One way identity is being represented, particularly through these home videos can be seen by who is being recorded and who is doing the recording. One video depicting a native dance, seemingly recorded by someone who is outside of that particular culture, is also an indicator of both the dancers’ identities in relation to the cultures of their homeland, as well as the identity of someone who’s culture and homeland is so drastically different that they feel the need to document it. The dance is an activity which, to the people of that particular area, is considered normal and commonplace. To the person recording them, however, it does not coincide with their identity, their culture, and their values, so they feel a need to record it to show other members of their ‘identity’ how people outside of their bubble live. The home video is a symbol of what can happen when two completely different identities come in contact with one another.
One home video in particular captured the Walt Disney Strike of 1941, when protests erupted due to Disney employees being mistreated. At first, the video seemingly has nothing to do with any identity, as men, women, and sometimes even children can be seen at the protest. Analyzing the video through Judith Howard’s notes on identity, we can see that the footage of the strike does not display identities based on gender or sex (although I’d be willing to bet that such discrimination was also taking place amidst the employee abuse), but rather the identities of being a Disney animator, particularly a unionized animator.
Howard’s notes on class identity, for example, show how the voices of those with less privileges, i.e. Disney animators, are not heard within the inner circle of Walt Disney and company who have the power to make change. Put simply, the footage of the Walt Disney strike puts the viewer right in the middle of two conflicting identities: the unionized animators who wished to give the overworked animator their proper dues, and the corporate heads of Disney who feared a decrease of production at a unionized Disney Studios.
The purpose of home movies lies directly in its name: they are movies that are made at home and are usually for the entertainment of those in that home.

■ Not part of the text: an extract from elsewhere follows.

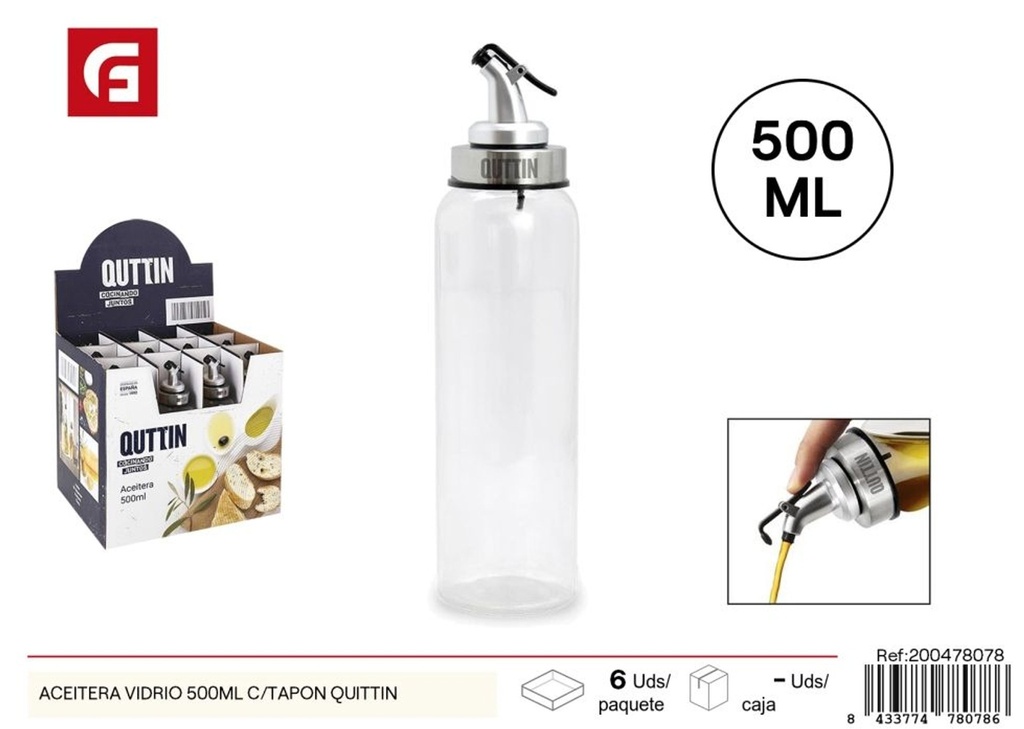 Aceitera de vidrio 500 ml con tapa Quittin - Envases de cocina y aceiteras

It is the same experience we go through when recording a video on our phones for personal entertainment, the slight difference being how easily we can choose to share them with others. The footage of the father swinging his child in his arms, for example, was most likely not made with the intent of it being displayed in an art museum decades later, but it shows that, essentially, nothing has changed in terms of documenting our everyday lives for the sake of posterity. However, the exhibit shows that while the main purpose of home videos may be for the entertainment of those who filmed them, the other, grander purpose of documenting what goes on in our lives may be so that future generations can see how our lives were in this particular stage of our society. That could also be the reason as to why the exhibit is called “Private Lives, Public Spaces”. The private lives of these men, women, and children are being analyzed in a public space so we can learn more about what life was like for them during a different point in time in society.
Or at least that’s what I got out of the experience, anyway.